1Umeå University, Department of Public Health and Clinical Medicine, Umeå, Sweden; 2Umeå University, Department of Medical Biosciences, Umeå, Sweden; 3Linköping University, Department of Clinical Chemistry, and Department of Biomedical and Clinical Sciences, Linköping, Sweden; 4Karolinska University Hospital, Department of Clinical Chemistry, Stockholm, Sweden; 5Karolinska institute, Department of Molecular medicine and surgery, Stockholm, Sweden; 6Karolinska University Hospital, Department of Endocrinology, Stockholm, Sweden; 7Skåne University Hospital, Department of Endocrinology, Malmö, Sweden; 8Uppsala University, Department of Medical Sciences, Endocrinology and Mineral Metabolism, Uppsala, Sweden; 9Uppsala University Hospital, Department of Endocrinology and Diabetes, Uppsala, Sweden; 10Lund University, Department of Clinical Chemistry and Pharmacology, Lund, Sweden; 11University of Gothenburg, Department of Internal Medicine and Clinical Nutrition, Gothenburg, Sweden; 12Sahlgrenska University Hospital, Department of Clinical Chemistry, Gothenburg, Sweden; 13Örebro University, Department of Internal Medicine, School of Health and Medical Sciences, Örebro, Sweden


Background & Objective: Late night salivary cortisol (LNSC) and 1 mg overnight dexamethasone suppression test (DST) are two of the three recommended screening tests for Cushing’s syndrome (CS).
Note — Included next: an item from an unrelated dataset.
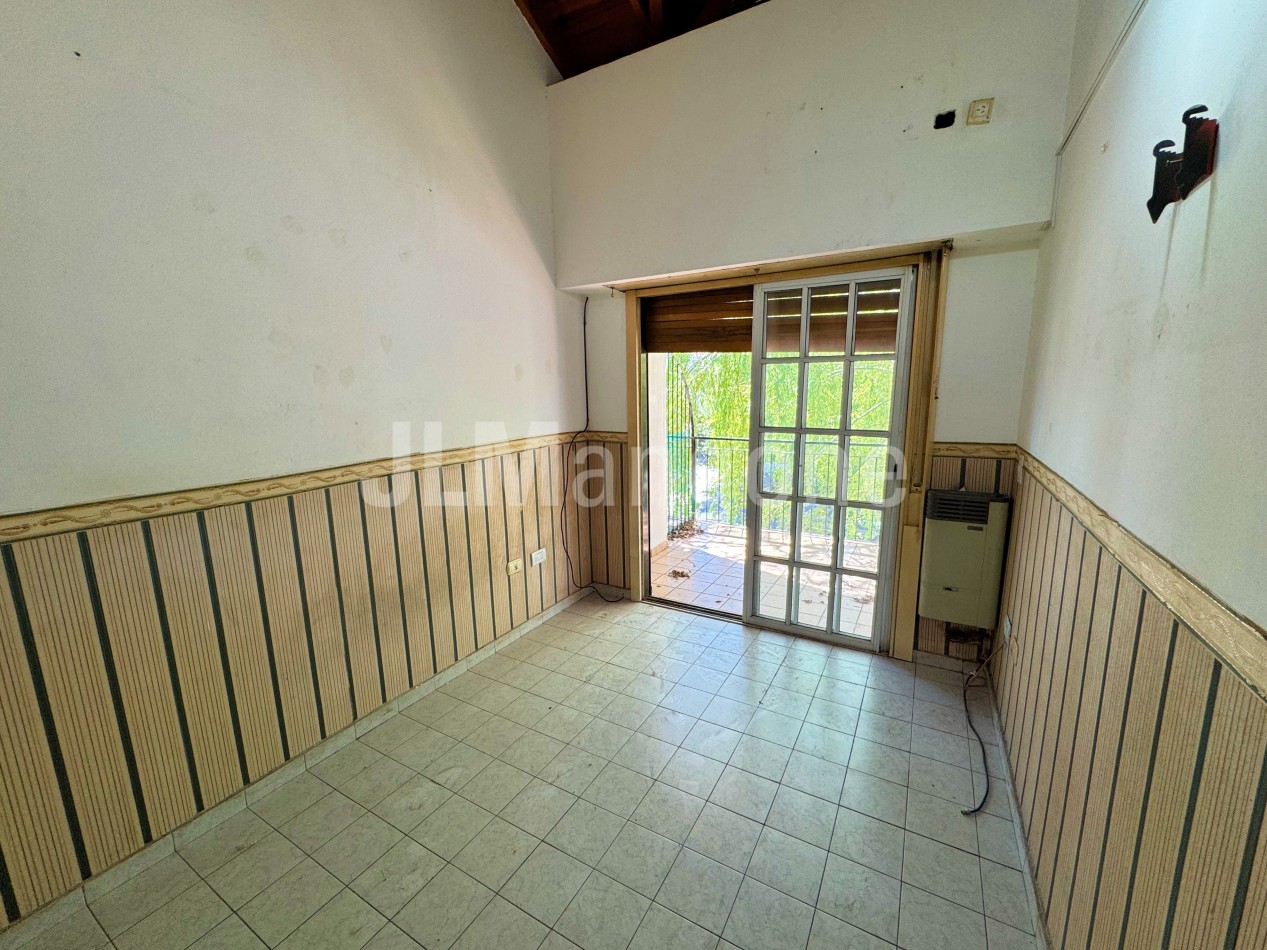 Triplex 4 amb con cochera y patio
The classical DST uses serum cortisol, but analysis of salivary cortisol and cortisone has shown high diagnostic accuracy at DST (1). Salivary cortisol can be analysed with immunoassays, which suffer from variable degree of cross reactivity with other steroids, or with LC-MS/MS, highly specific for cortisol but more time consuming and expensive. For optimal diagnostic accuracy the reference interval and diagnostic cut-off for CS should be determined for each analytical method. We aimed to establish reference intervals and compare diagnostic accuracy for late-night and post-DST salivary cortisol and cortisone analysed with clinical routine methods used in Sweden.
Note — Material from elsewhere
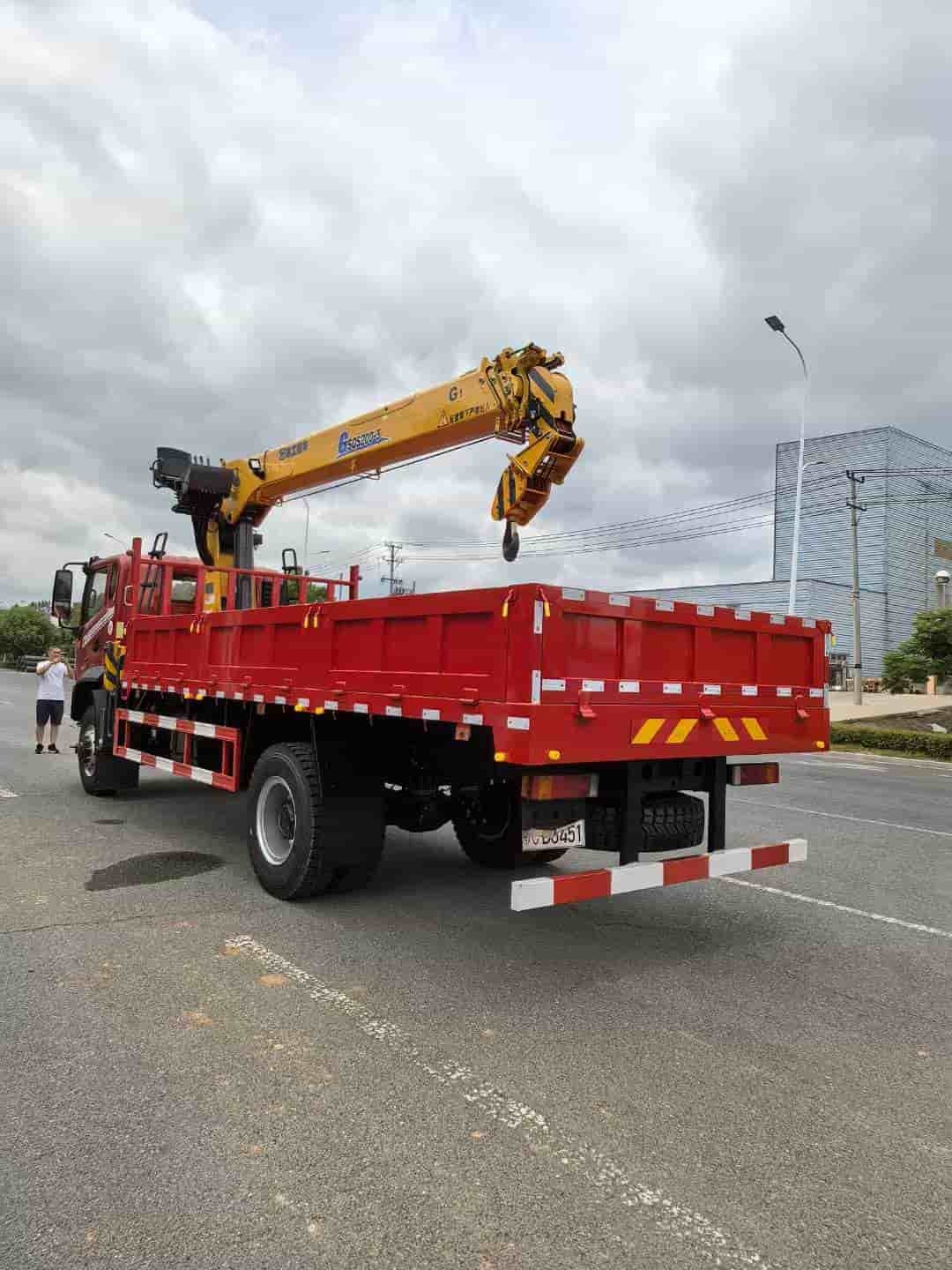 Dongfeng Huashen Single-Axle 4×4 Off-Road Truck Crane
Design & Method: Saliva was collected at 23:00 and after DST at 08:00 in 155 reference subjects and 22 patients with CS. Samples were aliquoted and analysed with three immunoassays for salivary cortisol and three LC-MS/MS methods for salivary cortisol and cortisone. The upper reference limit (URL) was calculated as the 97.5th percentile of the reference population and sensitivity and specificity for CS was calculated. The diagnostic accuracy for each method was compared with our published LC-MS/MS using area under the curves (AUCs) for receiver operating characteristics (ROC) curves (1).

Results: The URL for LNSC with the LC-MS/MS methods were 3.4–3.9 nmol/l, and with the immunoassays; Roche 5.8 nmol/l; Salimetrics 4.3 nmol/l; and Cisbio 21.6 nmol/l. After DST, the URL for salivary cortisol were 0.7–1.0 nmol/l for LC-MS/MS, 2.4 nmol/l (Roche), 4.0 nmol/l (Salimetrics) and 5.4 nmol/l (Cisbio). The URL for salivary cortisone were 13.5 – 16.6 nmol/l in late night samples and 3.0 – 3.5 nmol/l after DST. ROC AUCs for CS diagnosis were high for all tested methods both for late night samples (0.974 – 0.986) and after DST (0.964 – 0.996). For late night samples salivary cortisol (Roche) and salivary cortisone (LC-MS/MS) showed a slightly, but significantly, higher diagnostic accuracy.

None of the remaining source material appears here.